A Gardening Society against Its Members: Who Will Win the Battle for Information?
For years now, a gardening society member from Leningrad Oblast has been fighting against that society for access to documents on its economic and financial activities (including its charter, contracts, revenue/expense estimations, balance sheets, general and board meetings’ protocols, etc.) The society has been thoroughly hiding information what it spends member fees for.
The Kirovsk town court of the Leningrad Oblast supported the citizen’s claim and obliged the society to provide the applicant with most of documents he requested. However, the society filed a cassation appeal to the Leningrad Oblast Court, stating that the lower-instance court had violated the Article 27, Paragraph 3 of the Federal Law On Horticultural, Market-Gardening and Dacha Non-Commercial Associations of Citizens.
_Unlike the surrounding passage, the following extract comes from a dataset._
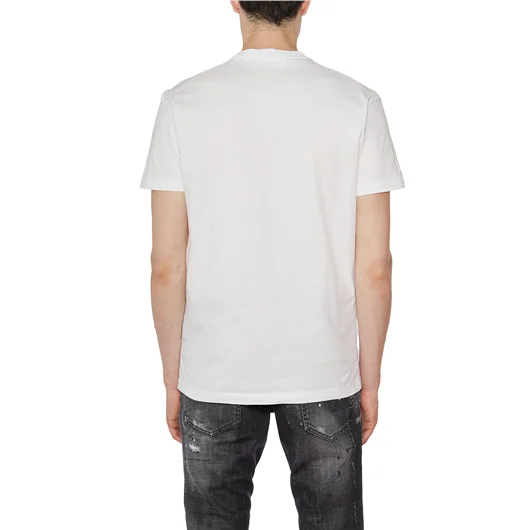 DSQUARED T-SHIRT IN COTONE CON STAMPA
The society believes that this legal norm is exhaustive.
The Leningrad Oblast Court agreed with the gardening society’s arguments and cancelled the first-instance court decision regarding the documents not mentioned in the Article 27, Paragraph 3. Administrative appeal court instances agreed with the oblast court’s position, so that the applicant has got right only to get copies of general and board meetings’ protocols; this gives no possibility to check the society’s expenditures.
Meanwhile, the Article 27, Paragraph 3 of the above-mentioned law contains no prohibitions for any information access, it only permits access to protocols. Moreover, Article 19 of the same law states that members have right to “get information on association managing and control bodies’ activities”.
The constitutional right of citizens to get information may be restricted only by federal law; the law in question contains no restrictions of information access for the associations’ members.
Interpreting the law provisions this way, the citizen, supported by the FIF lawyers, filed a claim in order to contest actual law implementation practice.
We believe it is absurd when an association member has no right to know what activities the association, a gardening society for example, performs really and how it spends member fees. However, at present, the gardening society has defeated its member in the battle for information access.
But the battle is not over. We will now be waiting for the Constitutional Court’s opinion.